Vou direto ao assunto: os tempos modernos não nos permitem mais extensas divagações. Ou escrevemos em meia página toda a nossa angústia, que existe desde o primeiro bang-bang. Vejam só, sinal dos tempos, nesse intenso tiroteio que vive o planeta, escrevi bang-bang, ao invés do correto “big-bang”. Não consertarei esse erro, para que notem a sinceridade das minhas palavras.

Prossigamos, sem mais delongas! Descobri que não podemos viver com uma alma apenas, mas para que sobrevivamos com menos sofrimento é preciso ter, no mínimo, uma dúzia de almas. Fernando Pessoa descobriu isso e pôde viver melhor com seus vários heterônimos . Os analistas por causa disso o tacharam de esquizofrênico. Ah! Esses exegetas!

Fui até Portugal, lembrando do Pessoa, mas temos um exemplo bem perto de nós, o nosso Machado de Assis, embora tenha mencionado apenas duas almas. No conto , “O espelho”, através de seu personagem Jacobina, ele nos ensina que temos duas almas: uma interior e outra exterior, uma não vive sem a outra. Mas não estou interessado nessa discussão de qual seria a melhor alma, ou se podemos viver apenas com uma, sem o perigo de morrermos.

Não, amigos. O conto lindíssimo do Machado fala, se entendi bem, do que modernamente chamaríamos de eu interior e o eu exterior, o eu da sociedade.

- Mas afinal – dirão os meus impacientes leitores - percebendo que já gastei quase uma página inteira. O que aconteceu de tão importante?

Responderei, embora aflito, num esforço de síntese: é que tinha realmente duas almas. A alma caseira, conhecida da família, e a alma do incipiente escrevinhador. Pois bem, nessa de escrivinhar prá lá e prá cá, começou a nascer a alma do trovador, ainda claudicante, possivelmente com necessidades especiais.

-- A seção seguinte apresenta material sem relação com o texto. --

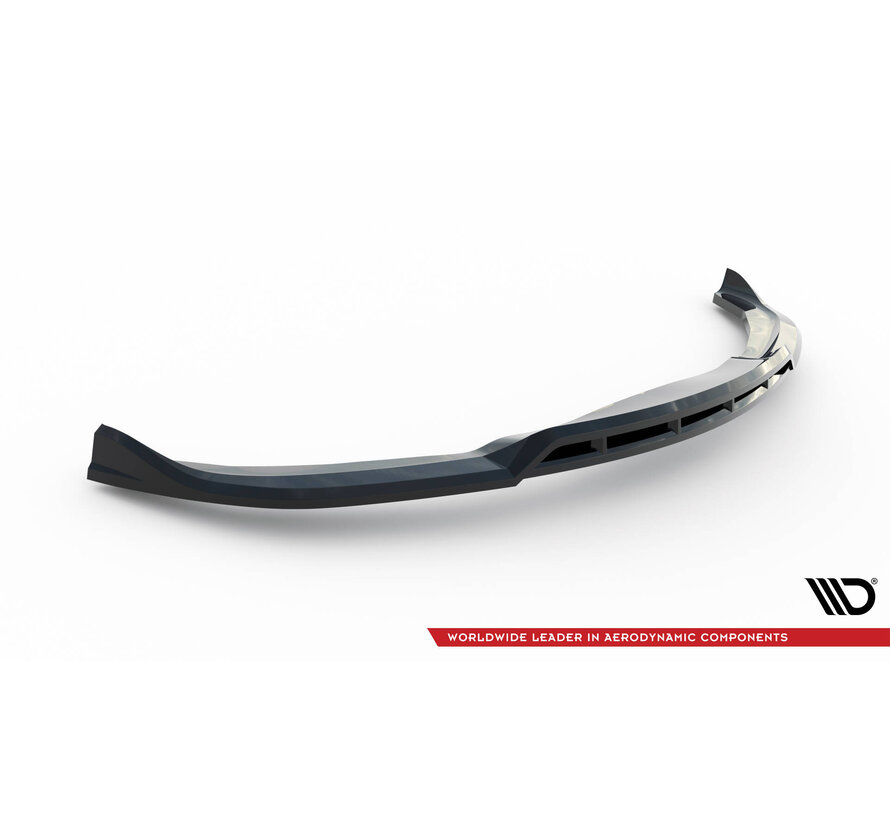 Maxton Design Front Splitter Chrysler 300 Mk2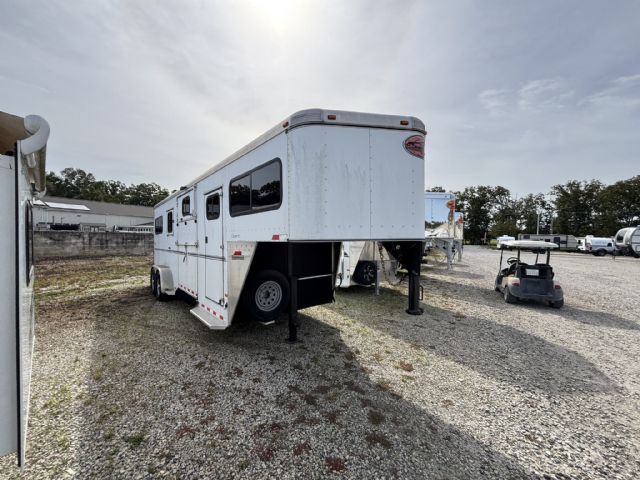 Used Horse Trailers for Sale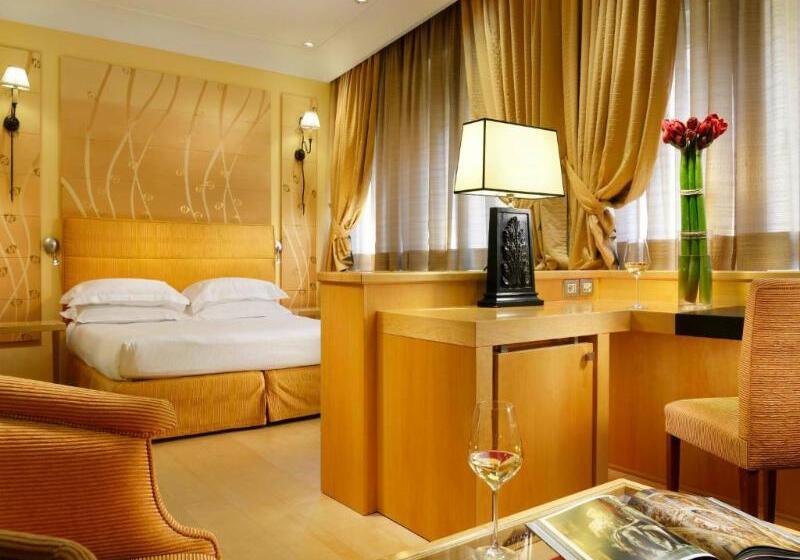 סוויטת ג'וניור, Fh55 Grand Hotel Palatino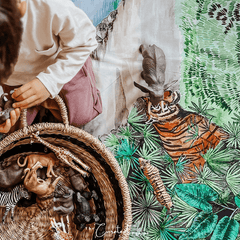 Wonderie // Deep in the jungle Play Cloth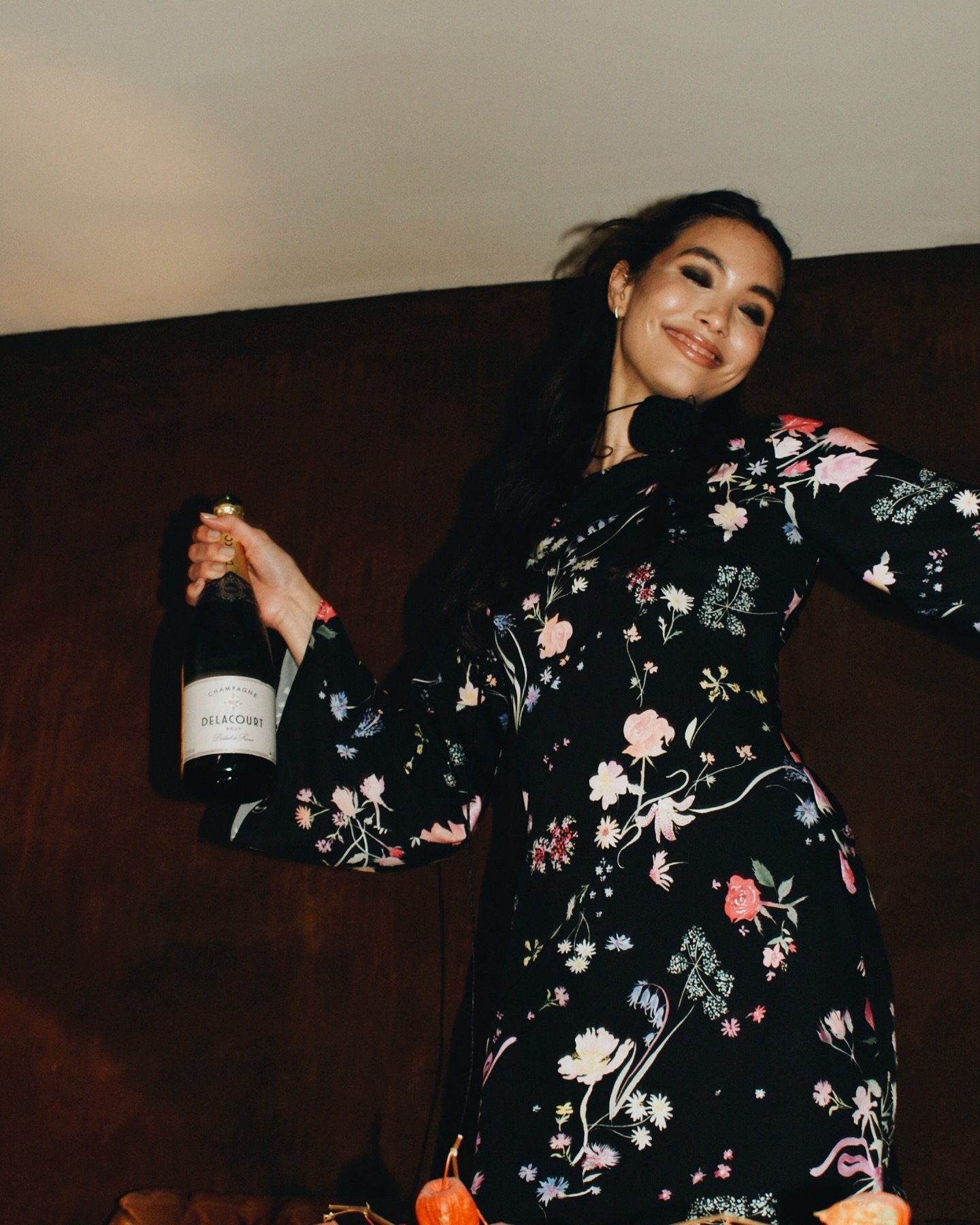 We&rsquo;ve designed all Ada Dakin pieces to be dancefloor ready, but here is our curated selection of party picks to ensure you&rsquo;ll firmly win a &lsquo;best dressed&rsquo; award at every festive event in your diary.
&bull;
Anna mini dress in Sa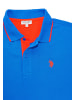 U.S. Polo Assn. Poloshirt in blau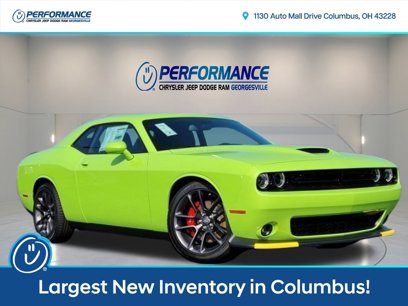New 2023 Dodge Challenger GT w/ Plus Package
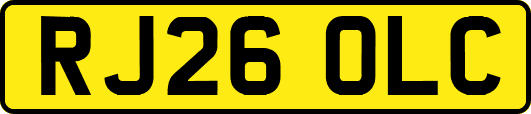 RJ26OLC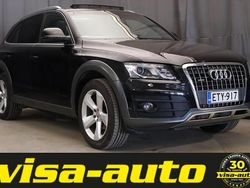 Musta Käytetty 2012 Audi Q5 Katumaasturi | 14 990 € (Perustarjous)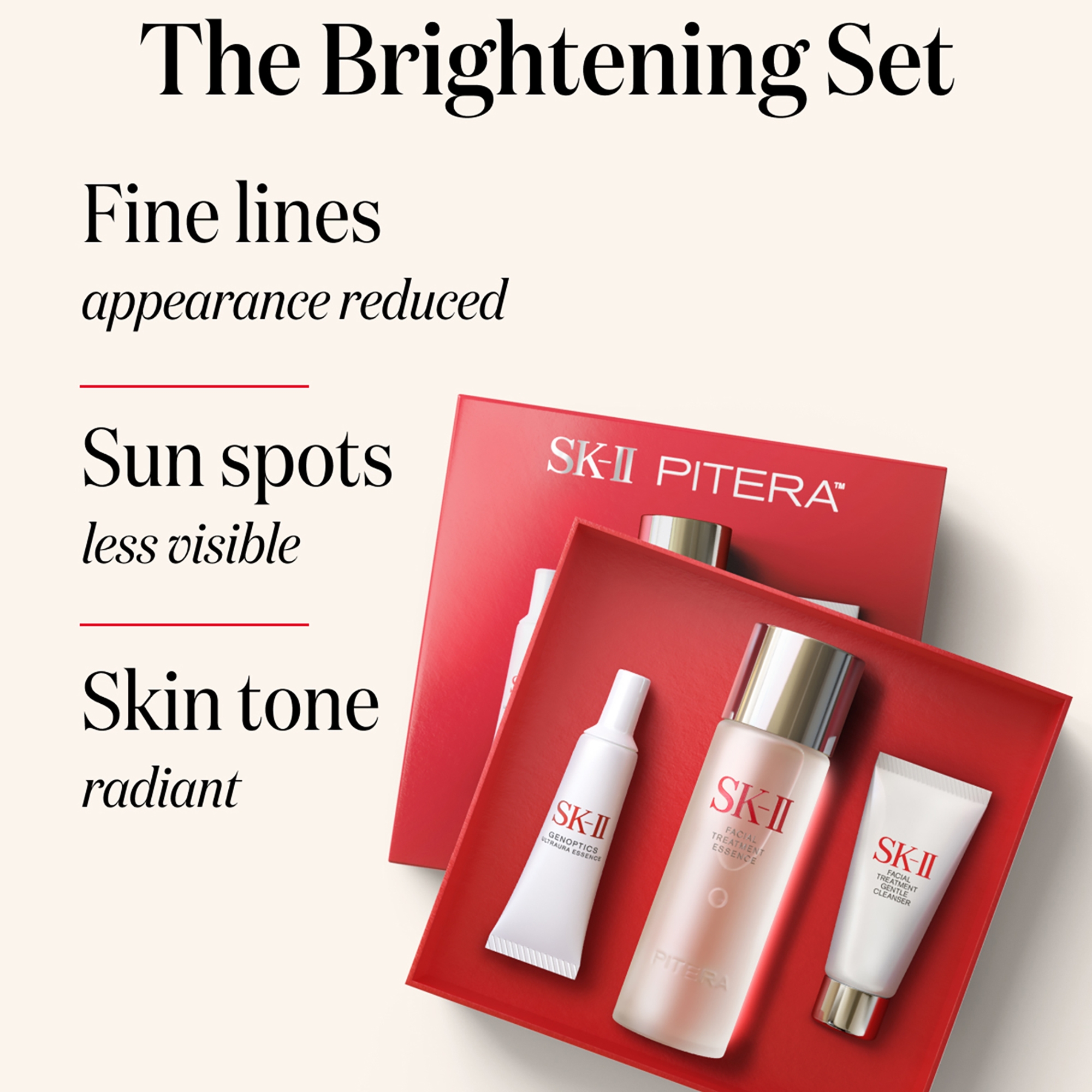 SK-II Ultimate Aura Essentials Kit | Dermstore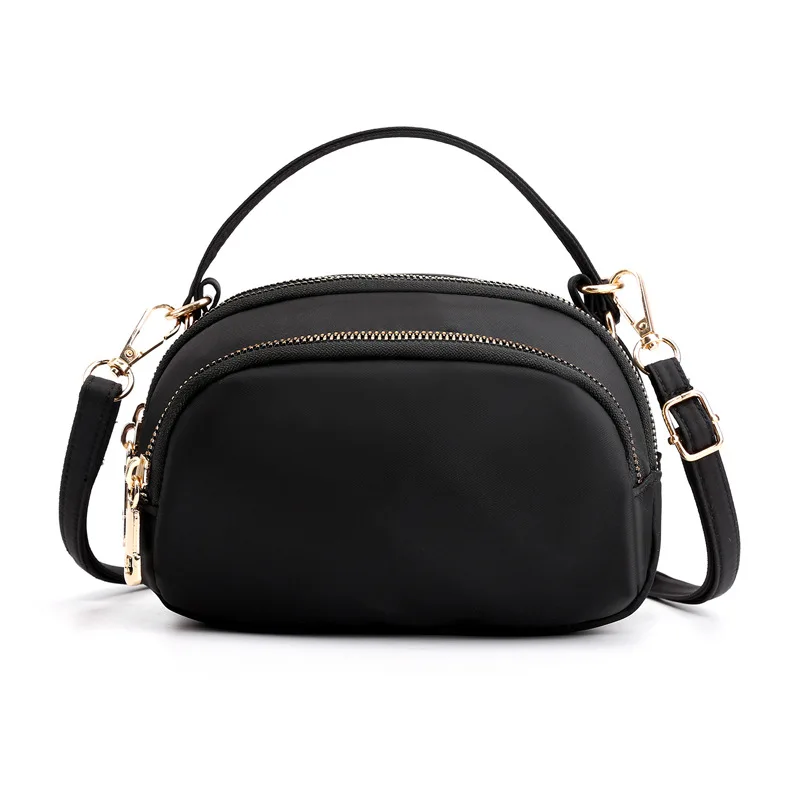 Fashion Nylon Waterproof Lady Shoulder Sling Crossbody Bag Purse Handbag For Women, As pictures/customized
Fashion Nylon Waterproof Lady Shoulder Sling Crossbody Bag Purse Handbag For Women, As pictures/customized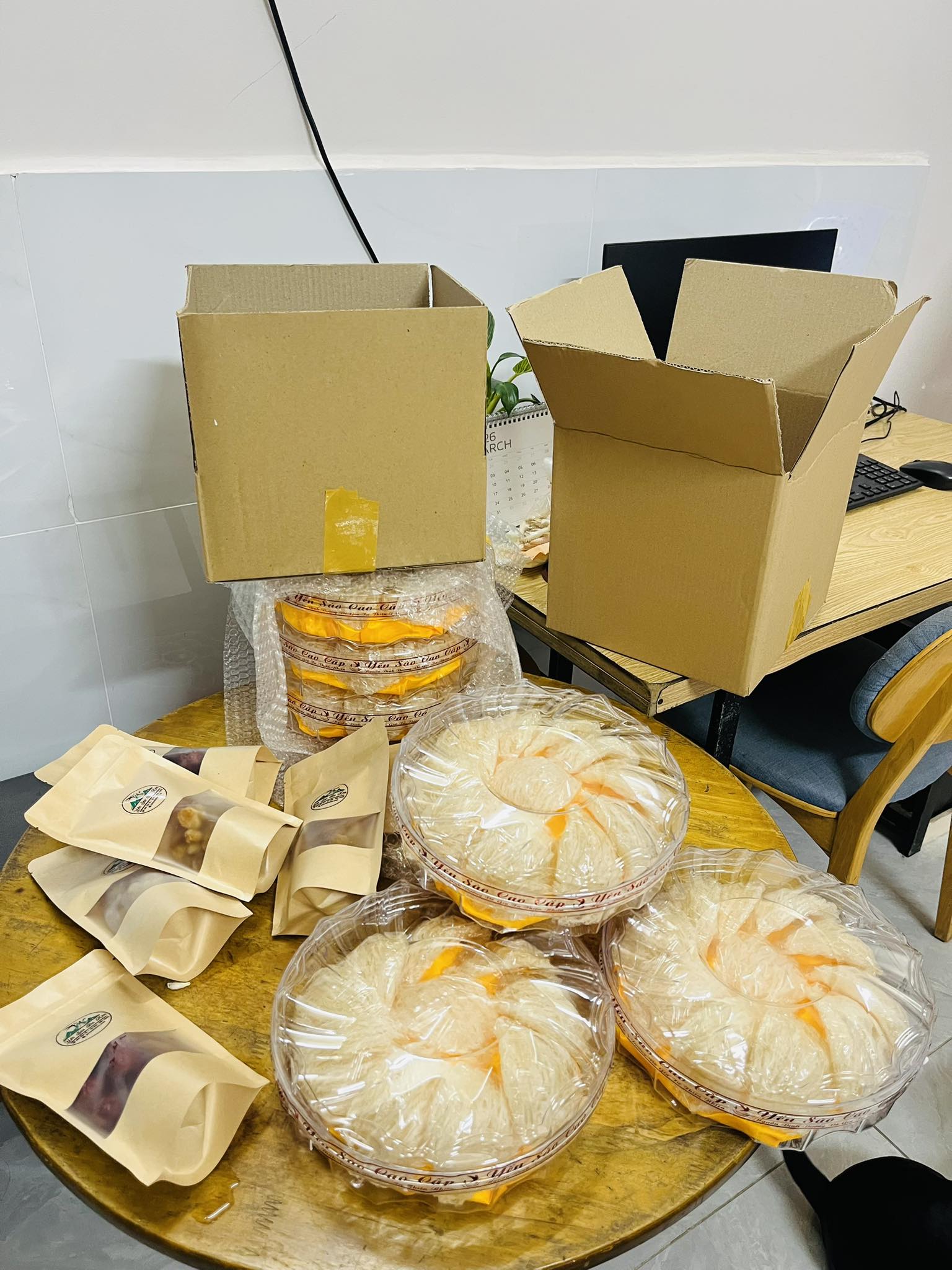 Top 3 cửa hàng yến sào uy tín, chất lượng tại Tân Phú – Review chi tiết từ trải nghiệm thực tế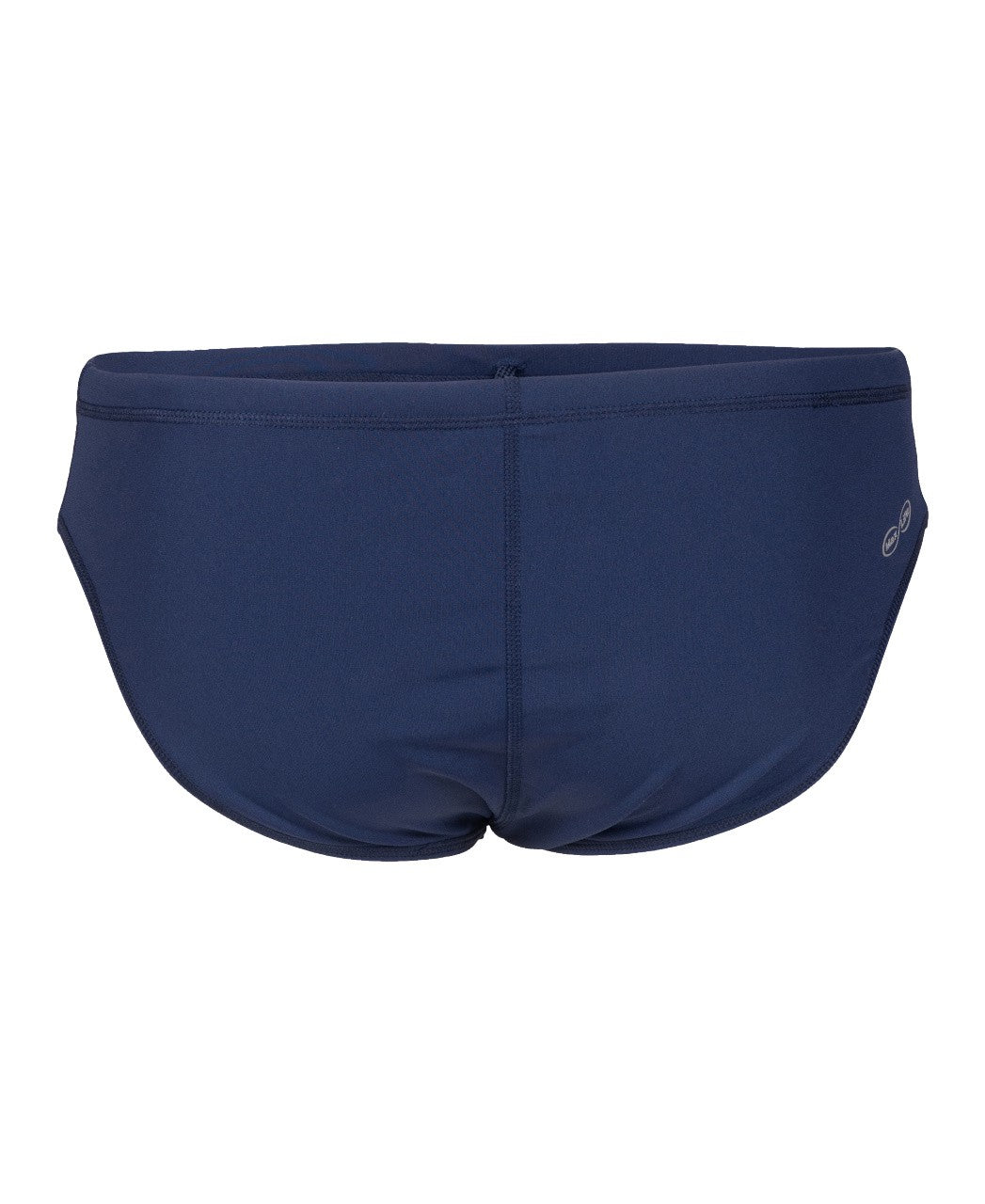 B Team Swim Briefs Solid navy-white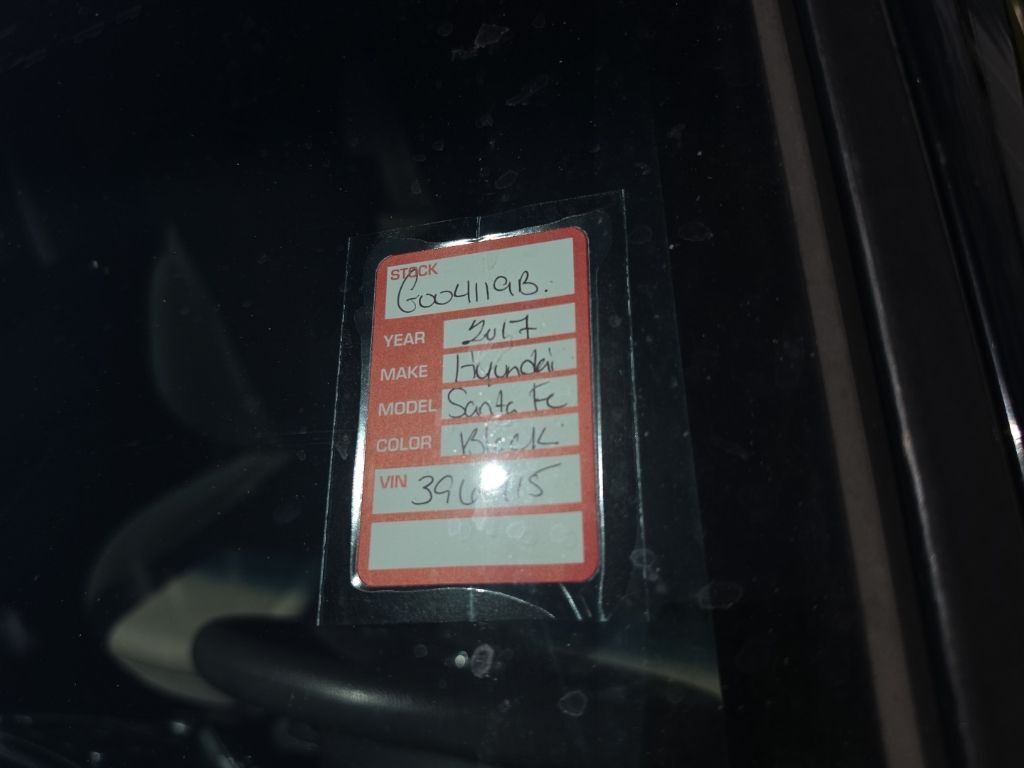 2017 Hyundai Santa Fe Sport 2.4 Base San Clemente CA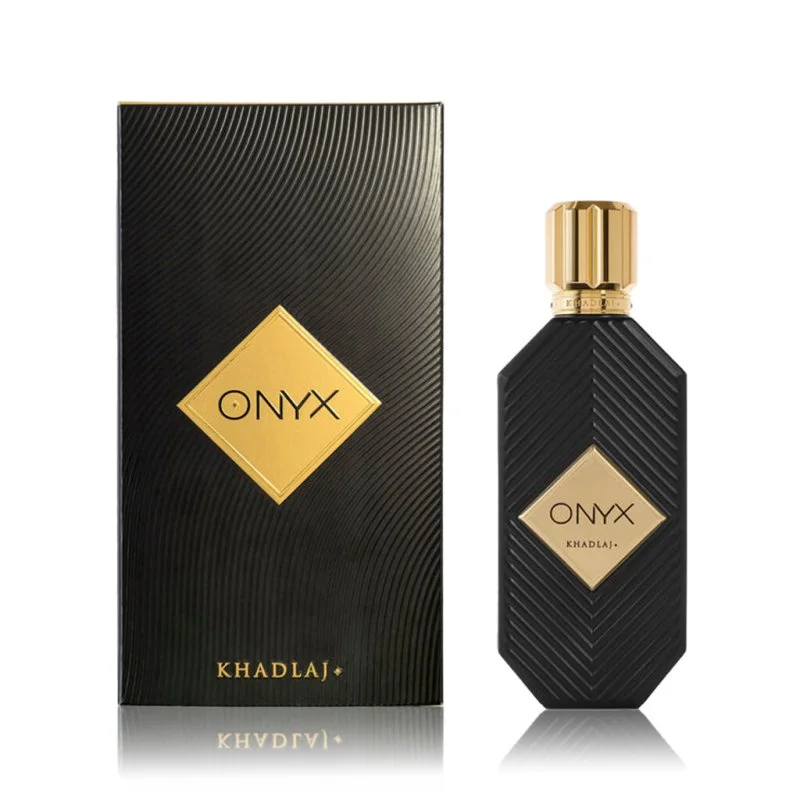 Onyx Gold Eau de Parfum da uomo 100 ml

O leitor, arguto e generoso, dirá: “Mas qual o problema? Eu lhe darei a mão, como um bom guia de cego”.

Esse o problema, ninguém tem mais tempo pra guiar ninguém. E foi o que aconteceu. Dando os primeiros passos, os poetas não me ampararam. Aflitíssimo, depois de um longo tempo esperando socorro, escrevi, às escondidas, para uma poetisa carioca. Atentem para o detalhe: carioca! Gritei: “Sinto-me órfão!”.

A minha terceira alma vinha ao mundo nesse estado: inválida e órfã de pai e mãe.

Finalizo, finalizo. Tenham um pouco mais de paciência, quero apenas deixar o meu recado. Amigos, por falta de atenção, levamos uma vida inteira e não reparamos que nascem várias almas dentro da gente e se alguma delas morre, outras tantas sobrevivem.

No momento, estou com três almas e já nasce uma quarta: a do humorista.

Deixem que suas almas nasçam também, pois assim retardamos por mais tempo a morte inexorável.